As we continued our exploration of the hotel, suddenly I stepped onto a gigantic chessboard sprawled in the backyard with the chess pieces standing tall almost reaching my waist reminding me of the Harry Potter movie. The next day was kept for sightseeing. The second-largest earthen dam of India on the Kangsabati river enclosed by crown-shaped hillocks on all sides was a point of attraction along with sundry interesting places.
At sundown we returned to our hotel, enervated and patting each other’s back for making a successful trip when suddenly a voice from behind said “It would be incomplete if you don’t visit Bishnupur.” We turned back to see a retreating figure, the shadow merging in the inky foliage. After some deliberation, we conceded to prolong our trip for a day as the name Bishnupur sparked some curiosity in our overcurious minds and heightened our traveling spirit.

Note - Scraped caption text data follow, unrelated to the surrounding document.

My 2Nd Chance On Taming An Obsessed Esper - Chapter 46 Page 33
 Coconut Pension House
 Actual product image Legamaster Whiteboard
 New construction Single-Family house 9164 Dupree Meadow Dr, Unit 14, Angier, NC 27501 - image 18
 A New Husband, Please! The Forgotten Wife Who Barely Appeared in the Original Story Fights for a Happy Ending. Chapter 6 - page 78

Without further ado, the next morning we started for Bishnupur, once a thriving town with majestic temples under the reign of the Malla dynasty during the 17thcentury. History allures me and places with a historical imprint ignite an unguarded interest in me. Automatically I started caressing the strap of my camera all the way on the car till we finally reached our destination and beheld a most mesmerizing view.

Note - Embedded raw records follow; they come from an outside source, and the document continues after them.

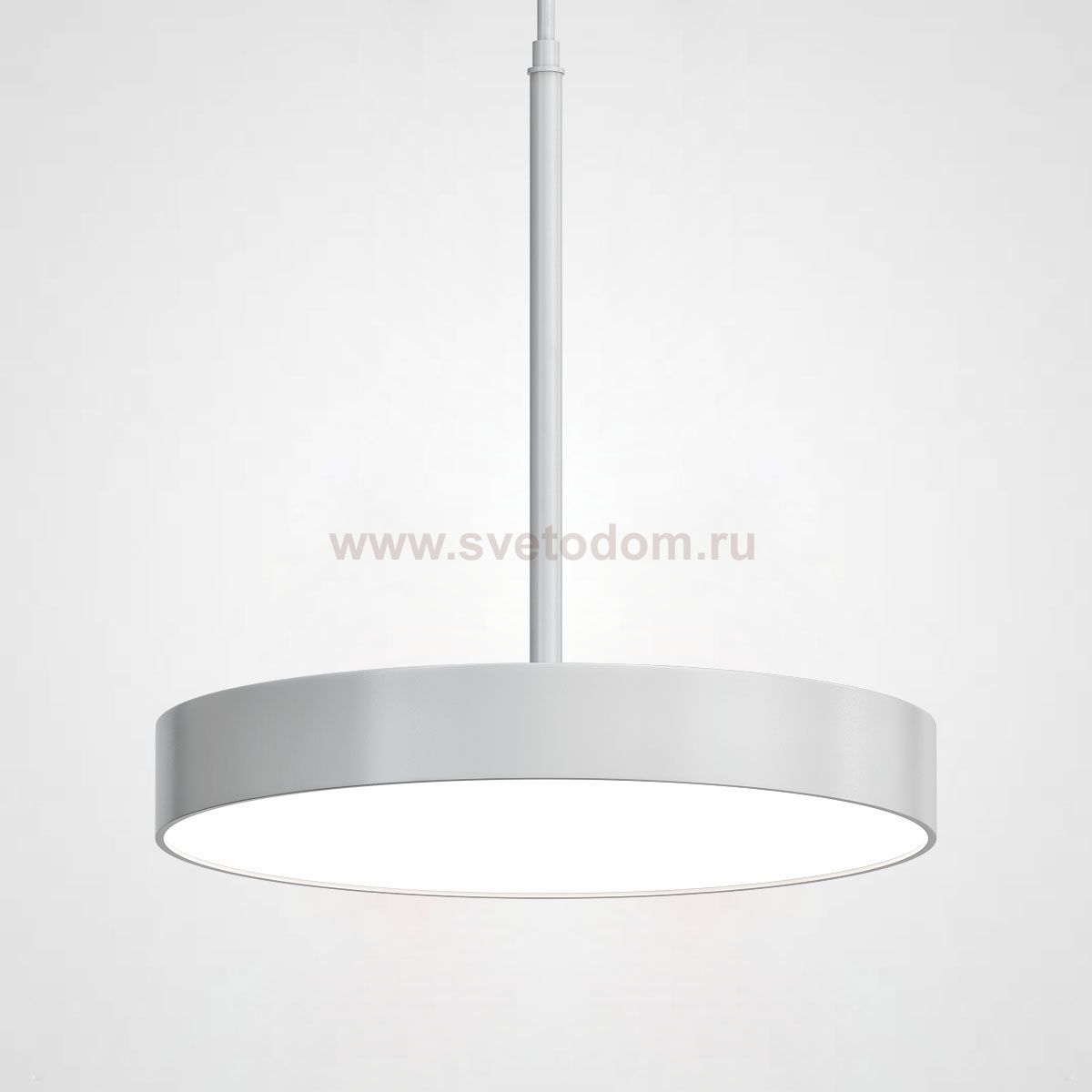 Подвесной светильник TURNA ONE D30 White by ImperiumLoft ImperiumLoft 183491-26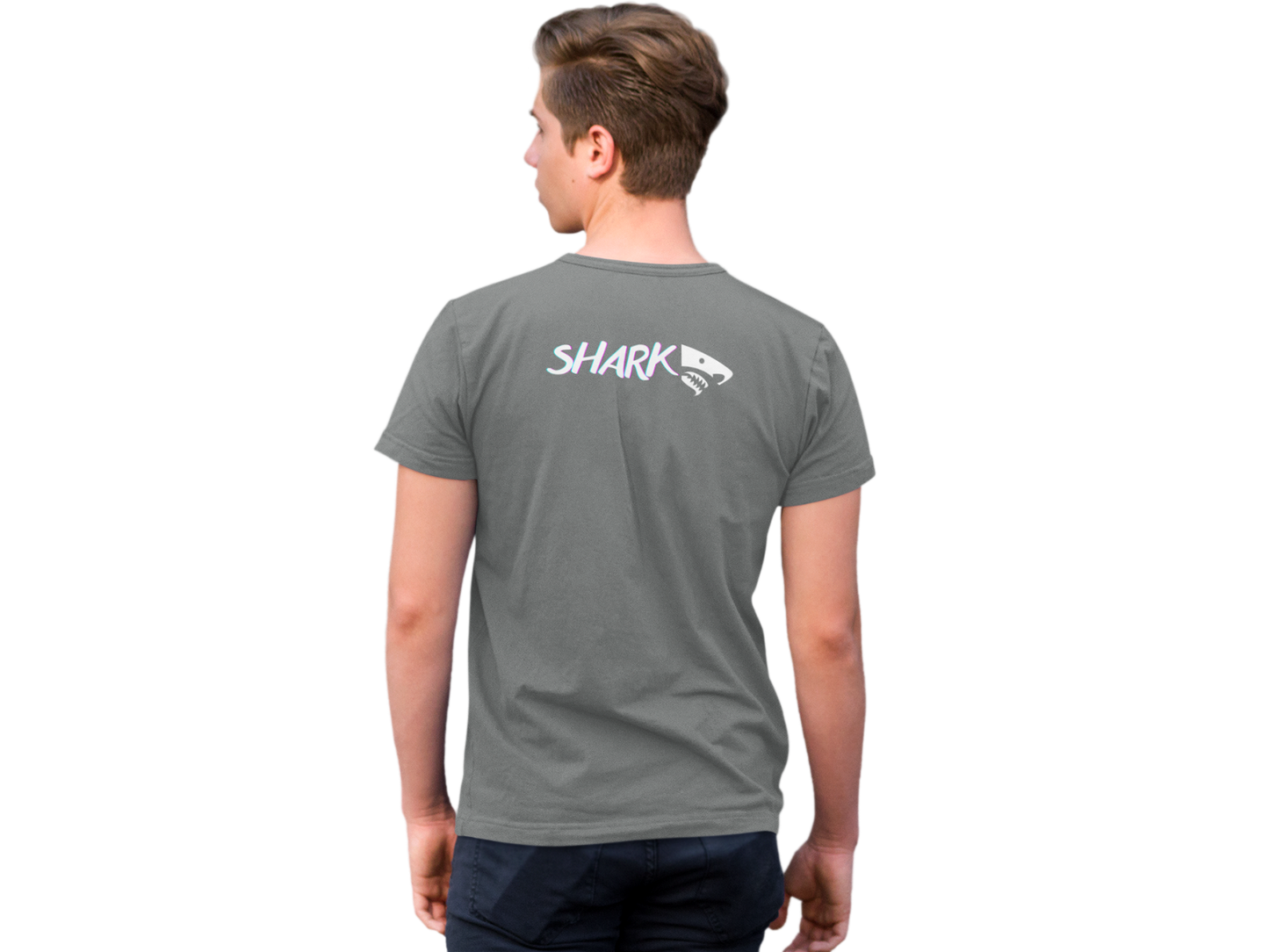 Camiseta Shark - 78glifestyle -  -  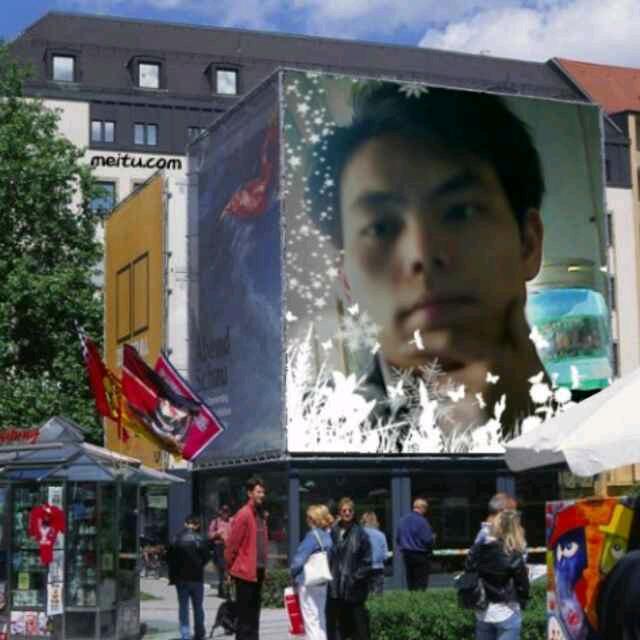 若是此生安逸，誰愿颠沛流离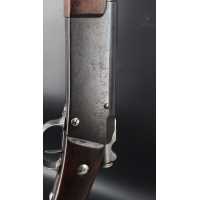 Armes d'Épaule FUSIL D'INFANTERIE LEBEL MODÈLE 1886 M93 CHATELLERAULT 1890 CAL. 8X51R - FRANCE WW1  - 15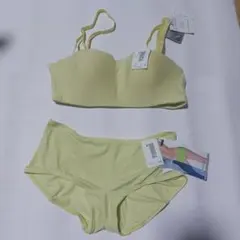 ブラショーツセット a70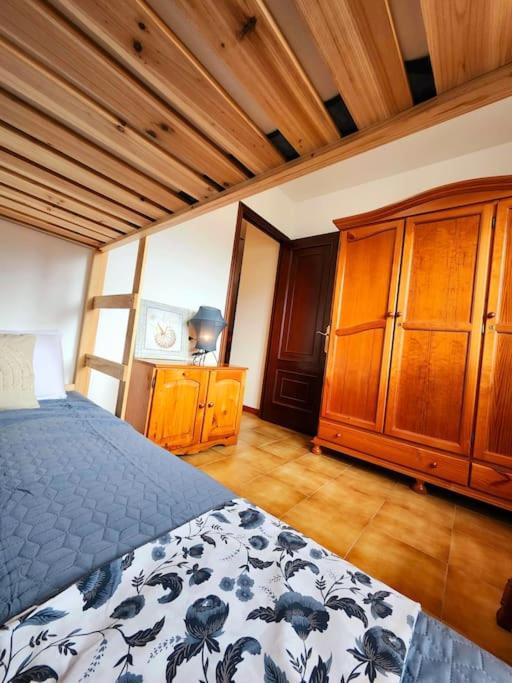 Duplex Rua Sol - Netflix Apartment Laxe Exterior photo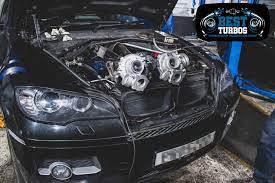 Bmw X6 40d Hybrid Turbo Turbocharger Upgrade Reconditioning Fitting Oldbury Best Turbos Turbochargers Reconditioning And Fitting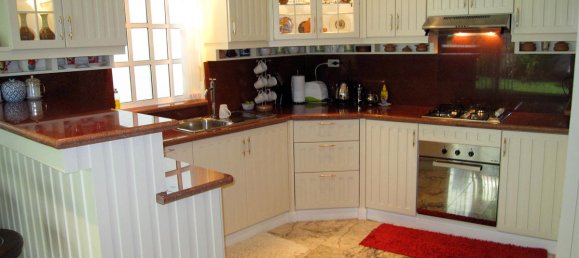 4 bedrooms Cafe / restaurant in Pattaya, Thailand No. 4112 10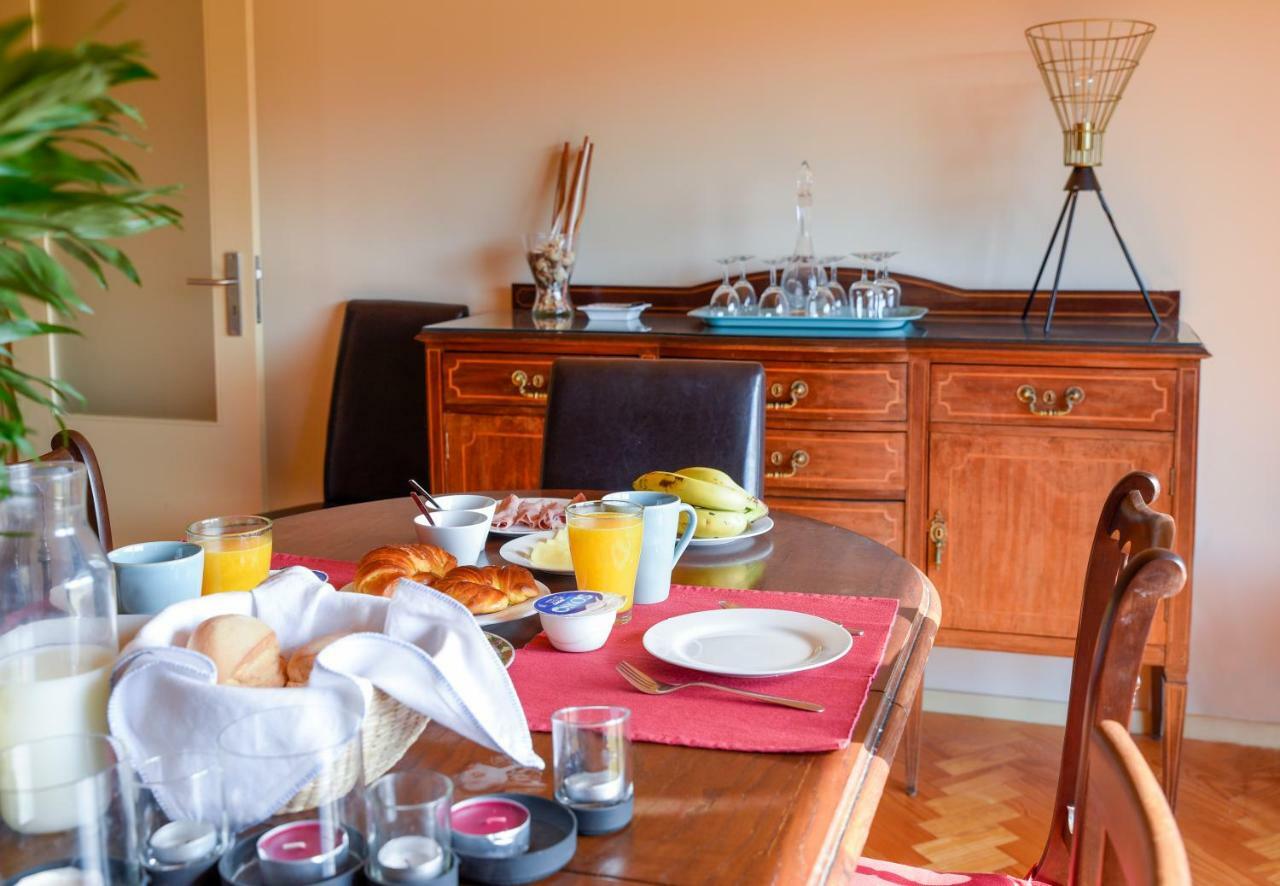 Music House Apartment Порту Екстер'єр фото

Sheltered in the corners of the silent town are some of the most exquisite temples built with laterite or red bricks in terracotta tiles holding some of the most intricate designs and impeccable carvings were dextrously done by our prodigious ancestors depicting scenes of Ramayana and Mahabharata.
The temples were mainly Ek-Ratna or Pancha-Ratna style with sloping roofs curving towards the top over the sanctum-sanctorium. The exquisite terracotta works of Shyam Rai temple with its immaculate precision and the highly captivating Madanmohan temple with the typical Bengali chala-type roof surmounted by a single tower enthralled me the most and I could only stand there silently venerating the caliber of our sculptors who were in no sense lesser than Michelangelo but are bereft of their due recognition.

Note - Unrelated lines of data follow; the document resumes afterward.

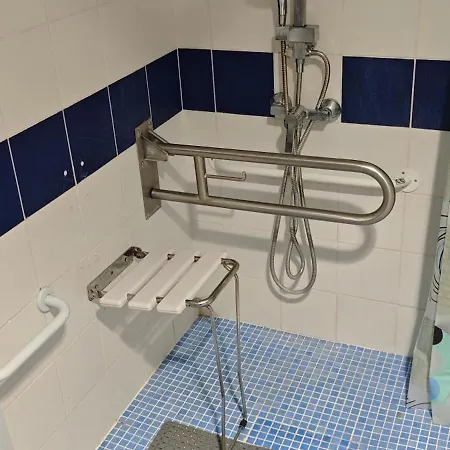 Apartmán Dinastia1rbha *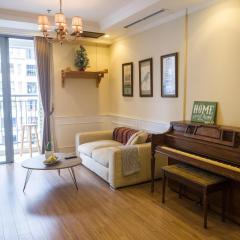 Apartment*2 bedrooms*2 Bathrooms @ Park Hill - Times City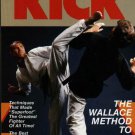 BU4060A-BD DIGITAL E-BOOK Ultimate Kick - Bill Superfoot Wallace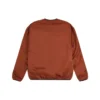 Çift Taraflı Polar Fleece Stay Warm logolu Ceket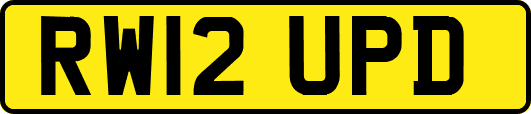 RW12UPD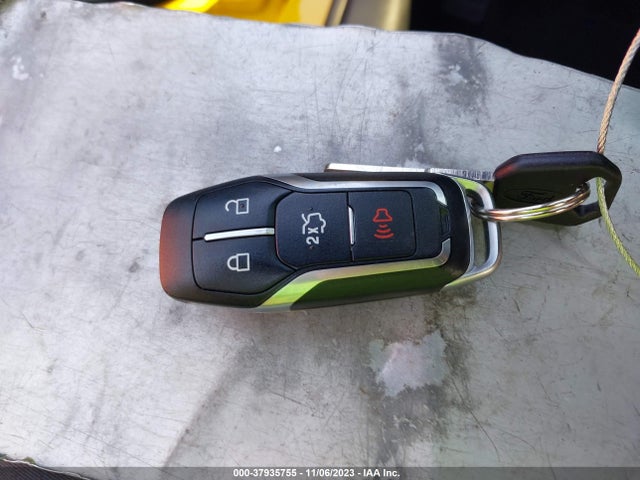 2015 FORD MUSTANG ECOBOOST VIN: 1FA6P8TH8F5317872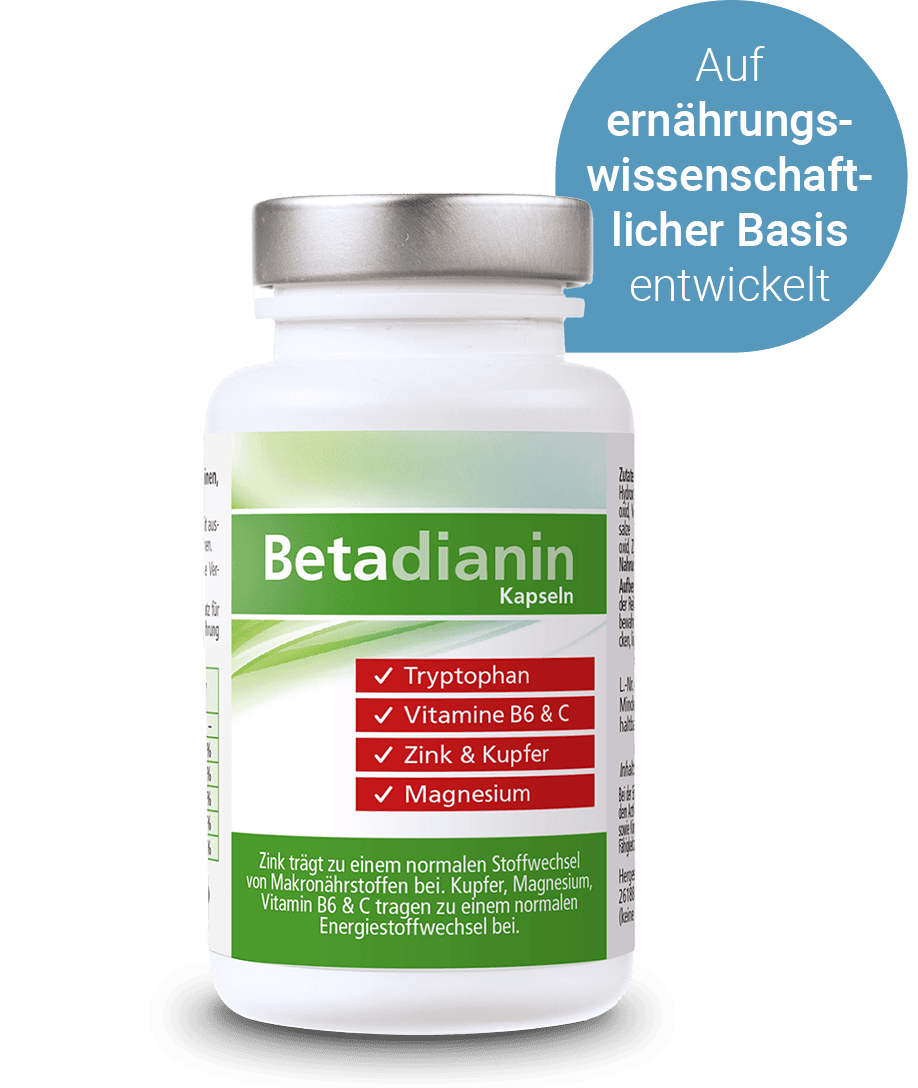 Betadianin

The picture of the temples now somewhat stranded and vacant, standing silently amid the coarsely grown grass with a little flock of scattered tourists here and there portrayed a picture of abandonment and desolation, amplified by sharp contrast to their once glory in the thriving Malla dynasty days.
At that very moment, I pledged to write about them, to make people cognizant of the hidden treasures sheltered in the remote corners, and hoped, with proper advertisement and recreation centers like hotels and restaurants, the lost grandeur of this magical place can be reinstated.
Nurturing a penchant for history, I read about the Nagara styles of temples and was mesmerized by merely seeing pictures of Dilwara temple of Mt Abu and Kailash temple of Ellora and was glad that this trip only enriched my experience further.
The trail of perspiration running down my neck or the permanently curved eyebrows shielding the blazing sun was long forgotten as my concentration lay in fastidiously positioning my camera lens to take the best pictures.
As evening descended we decided to head home, all immersed in their own reverie, a pleasant silence playing in the car and suddenly my dream garnered much relevance. I returned home with a treasure trove of experience and a tranquil mind, our small trip evolved into an unexpected beautiful memory and I smiled subtly at the yellow-rimmed horizon.